Look through the data below for the line with "Wit Gebruikt 2022" and the line with "910 Heritage Lane Anderson IN 46013", then transcribe exactly from the first through the second, leaving out all pictures.

============

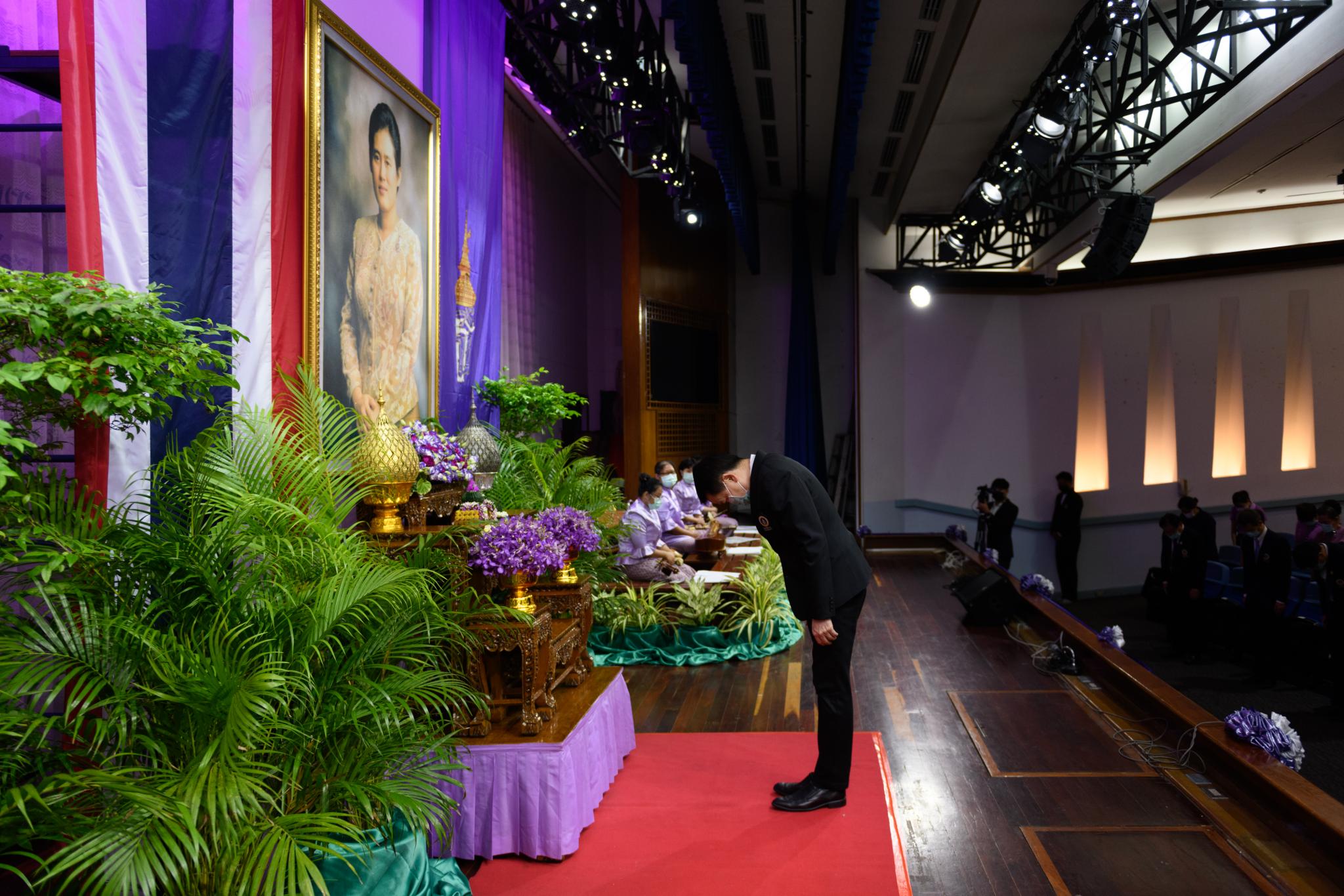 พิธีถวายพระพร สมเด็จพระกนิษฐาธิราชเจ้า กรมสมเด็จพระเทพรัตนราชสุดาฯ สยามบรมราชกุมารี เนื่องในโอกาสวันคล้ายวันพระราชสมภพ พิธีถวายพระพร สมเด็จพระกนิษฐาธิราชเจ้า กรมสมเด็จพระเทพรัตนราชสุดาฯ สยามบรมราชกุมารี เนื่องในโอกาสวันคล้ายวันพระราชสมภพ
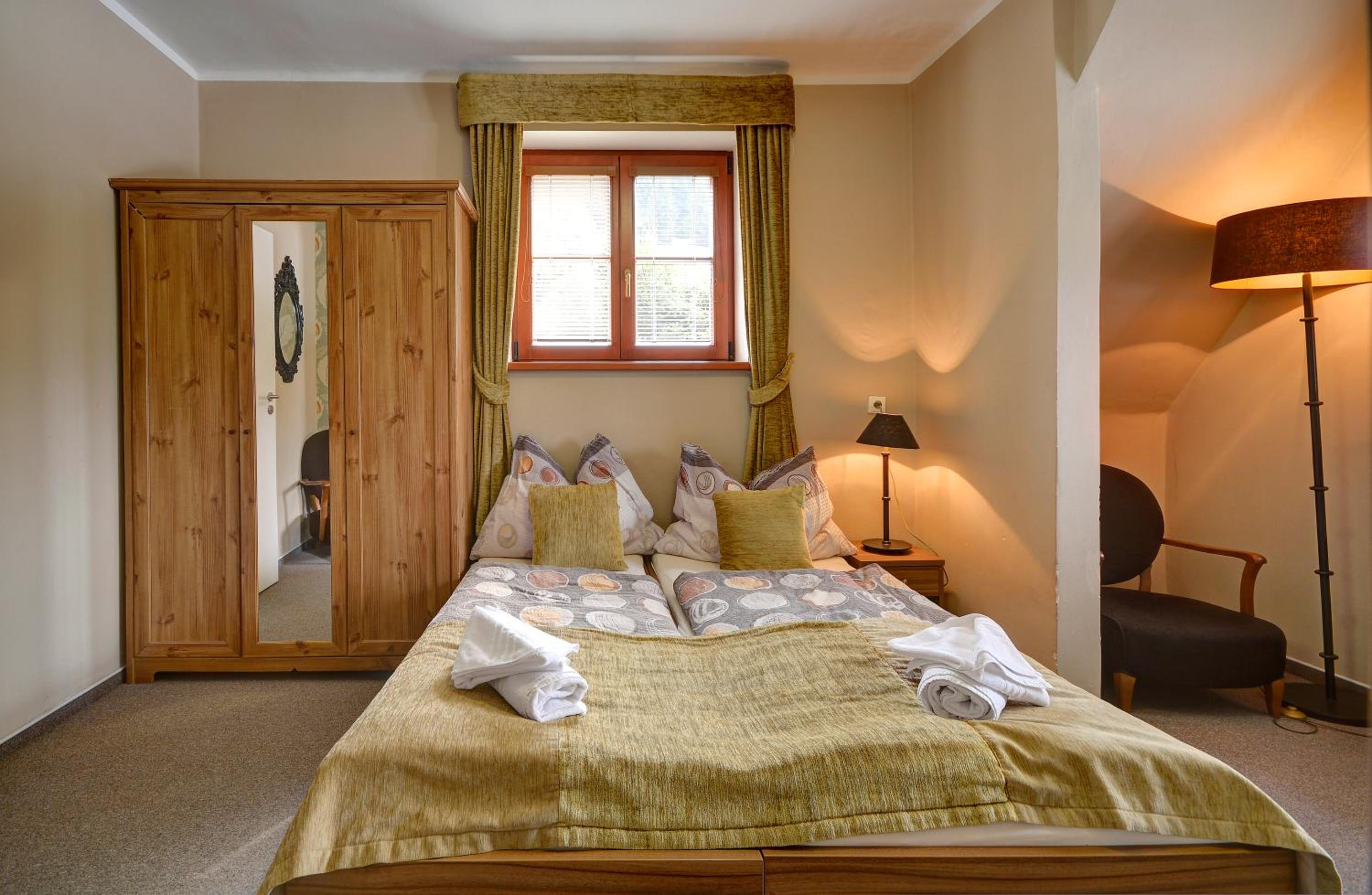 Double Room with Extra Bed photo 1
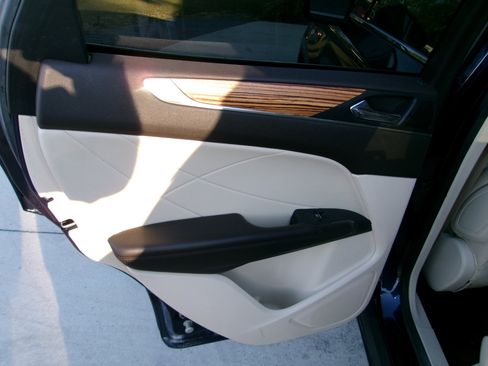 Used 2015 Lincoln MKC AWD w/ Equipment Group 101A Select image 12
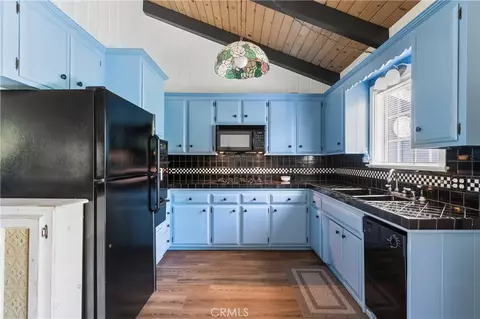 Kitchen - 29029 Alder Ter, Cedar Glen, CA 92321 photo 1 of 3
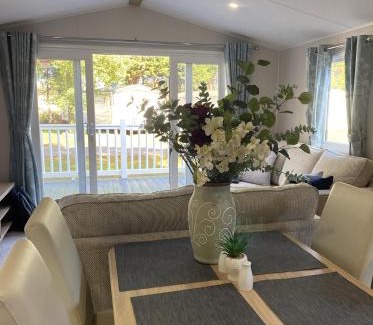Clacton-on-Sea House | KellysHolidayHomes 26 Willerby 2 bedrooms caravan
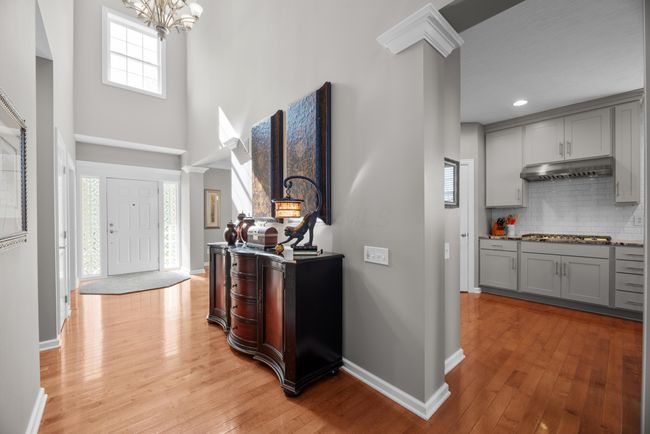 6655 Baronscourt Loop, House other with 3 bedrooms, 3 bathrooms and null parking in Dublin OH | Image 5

============

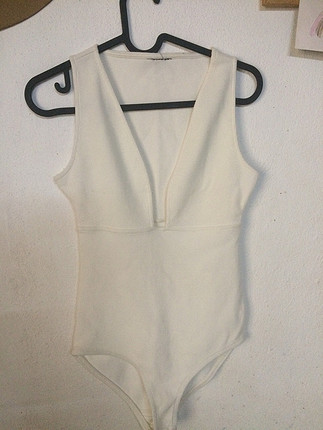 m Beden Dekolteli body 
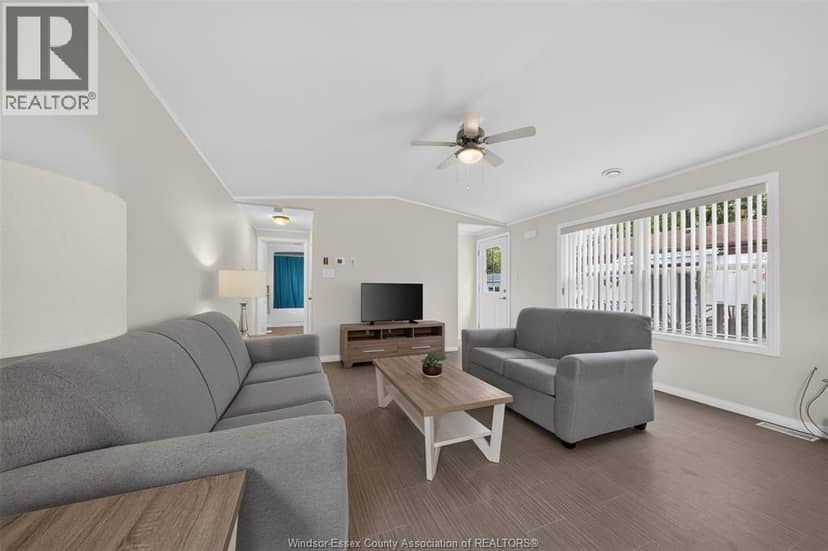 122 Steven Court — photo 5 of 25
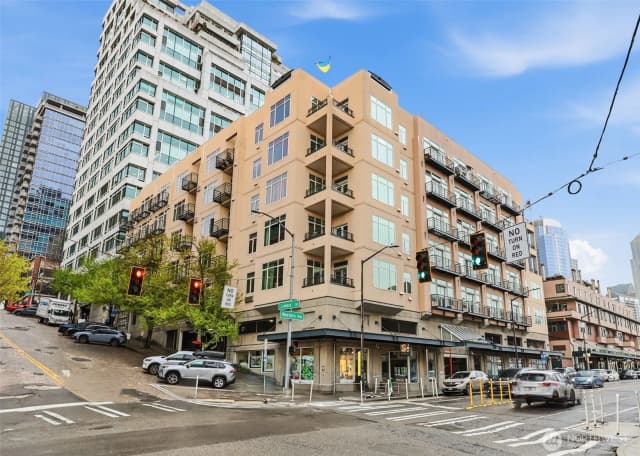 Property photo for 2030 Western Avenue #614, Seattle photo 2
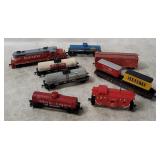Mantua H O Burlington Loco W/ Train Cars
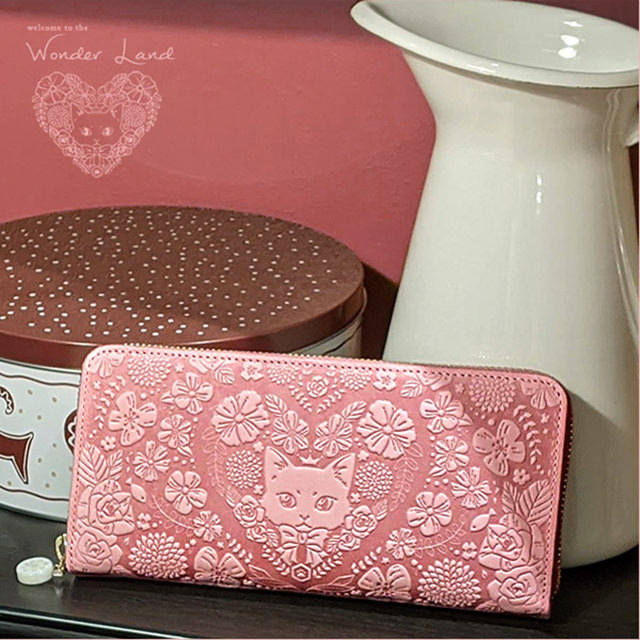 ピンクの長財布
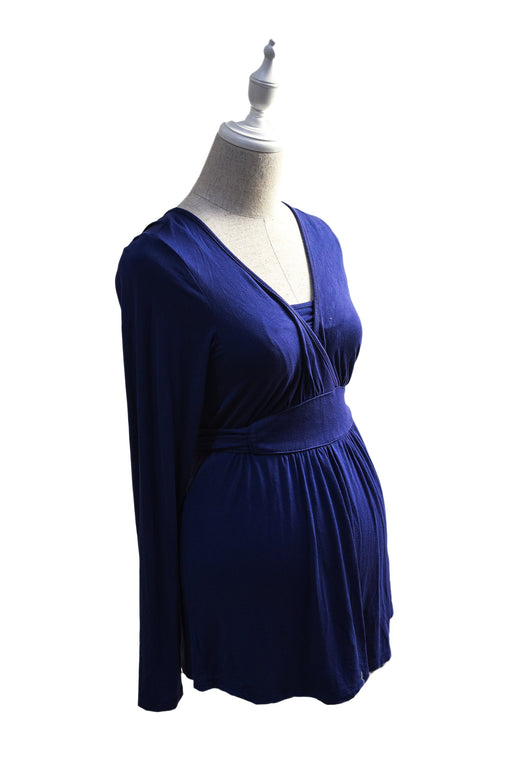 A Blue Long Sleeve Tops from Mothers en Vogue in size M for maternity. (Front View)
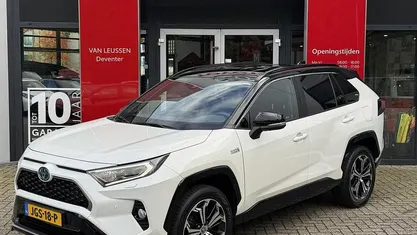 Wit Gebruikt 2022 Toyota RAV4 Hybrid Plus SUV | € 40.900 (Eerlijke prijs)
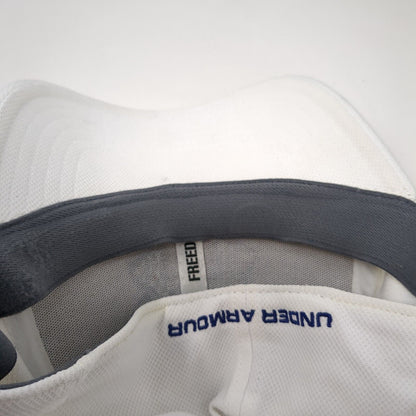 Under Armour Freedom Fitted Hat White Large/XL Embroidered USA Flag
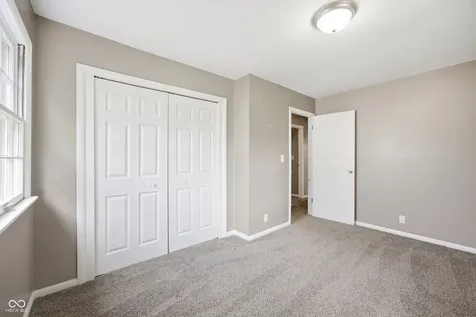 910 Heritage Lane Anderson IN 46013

============

**TASK RESPONSE:**
 Wit Gebruikt 2022 Toyota RAV4 Hybrid Plus SUV | € 40.900 (Eerlijke prijs)
 Under Armour Freedom Fitted Hat White Large/XL Embroidered USA Flag
 910 Heritage Lane Anderson IN 46013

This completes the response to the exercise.